The Figure above depicts the overall architecture of Doodle It Yourself – Few-Shot Class Incremental Learning (DIY-FSCIL), the framework proposed in this paper. In the beginning, we start with a 10-class classifier (Rwbase) that receives as input the features extracted by a feature extractor (F) for the base class photos. Then, given sketch exemplars provided by the users (1 sketch for each novel class in the figure) for 3 novel classes, we obtain Rwnew, a (10+3)-class classifier that is able to classify photos from both base and novel classes.
To develop DIY-FSCIL, the authors faced three design challenges: (1) how to obtain a cross-modalities model minimizing the domain gap between sketch samples and real photos, (2) how to preserve and not forget base classes information, and (3) how to exploit information from base classes to quickly learn the novel classes using few samples. For the first problem, the authors trained a domain-agnostic feature extractor through gradient consensus. For the second problem, they used a knowledge distillation loss to keep knowledge about the base classes while incrementing the classifier to novel ones. For the third problem, this framework relies on a graph neural network to generate more discriminative decision boundaries between the old and the novel classes. The framework follows a two-stage training process which is described in the following paragraphs.

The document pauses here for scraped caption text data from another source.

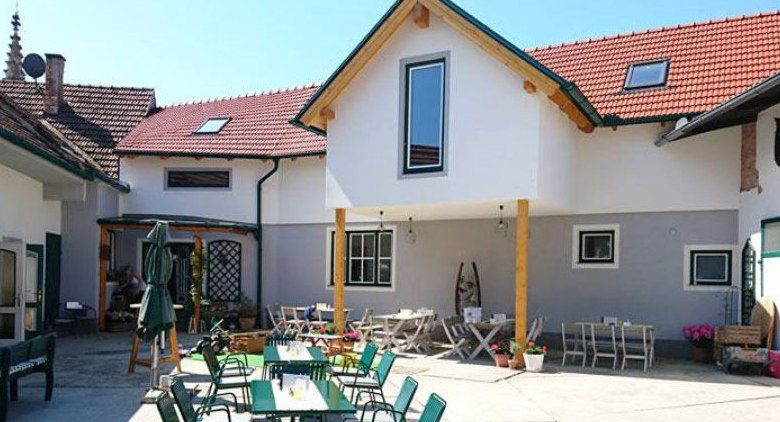 Egy fogadó belső udvara, kint asztalokkal és székekkel.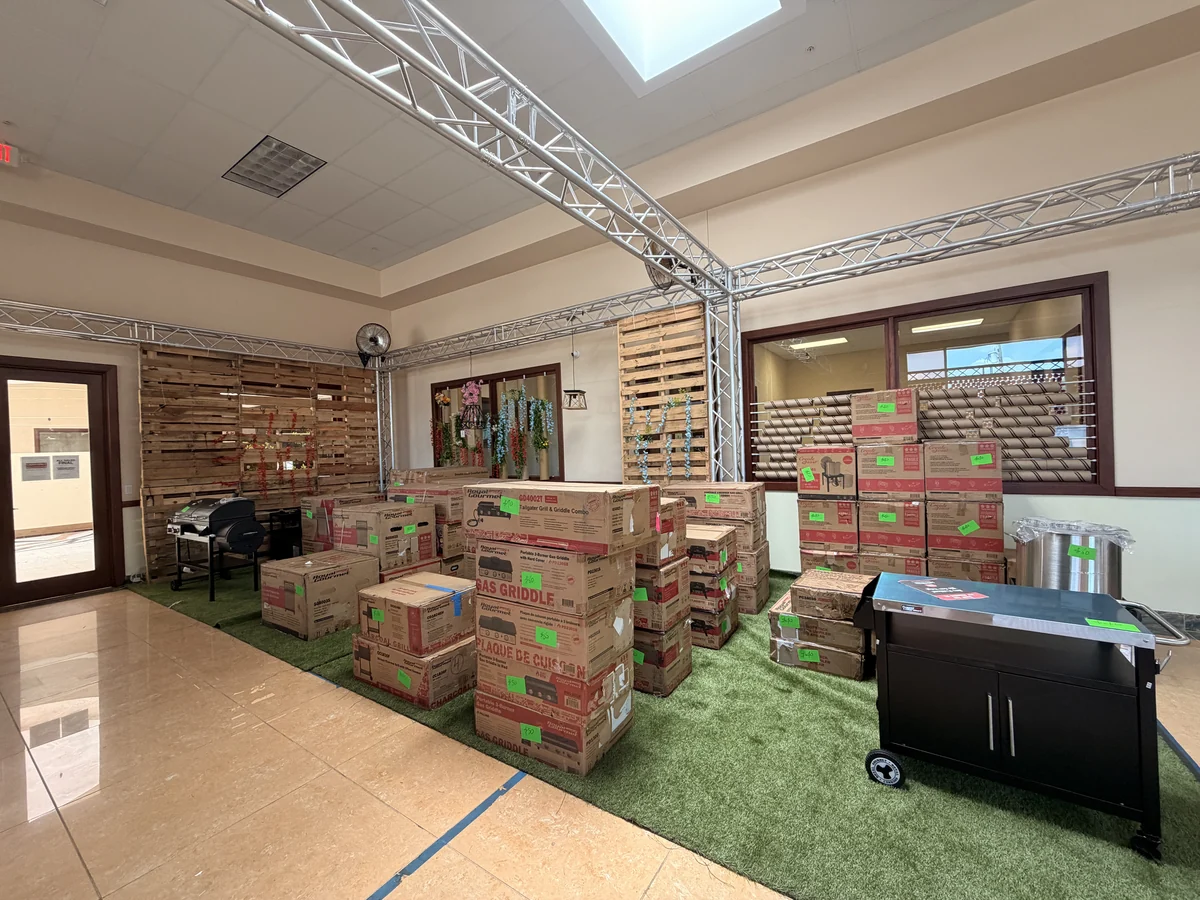 The restocked BBQ corner of the Cube-Age Houston sale floor, grills and griddles still in the original boxes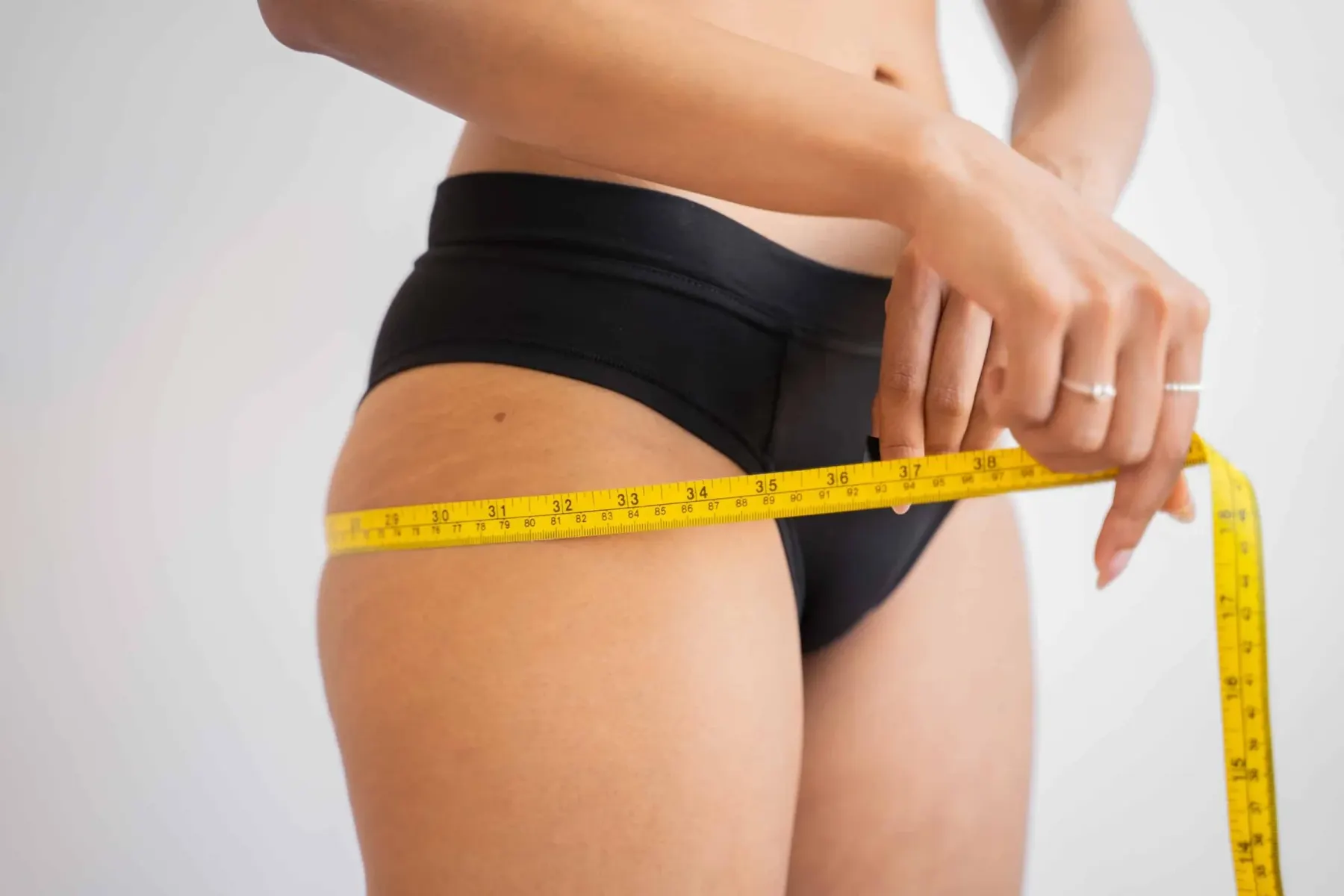 Woman measuring her thigh with tape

In the first stage, the goal is to learn a domain-agnostic feature extractor F through gradient consensus to handle the domain gap between photos and sketches. During this training stage, the authors relied on mini-batches that are equally composed of both labeled photos and sketches. At the same time, the loss function used in this stage is composed of two individual losses: one for the photos and one for the sketches. The idea is to update the model so that there is an agreement in the gradient space (i.e., gradient consensus) between the two domains, in order to learn a domain-invariant representation for the features. In this way, the model parameters are updated to improve the generalization capabilities of the framework on both photos and sketches.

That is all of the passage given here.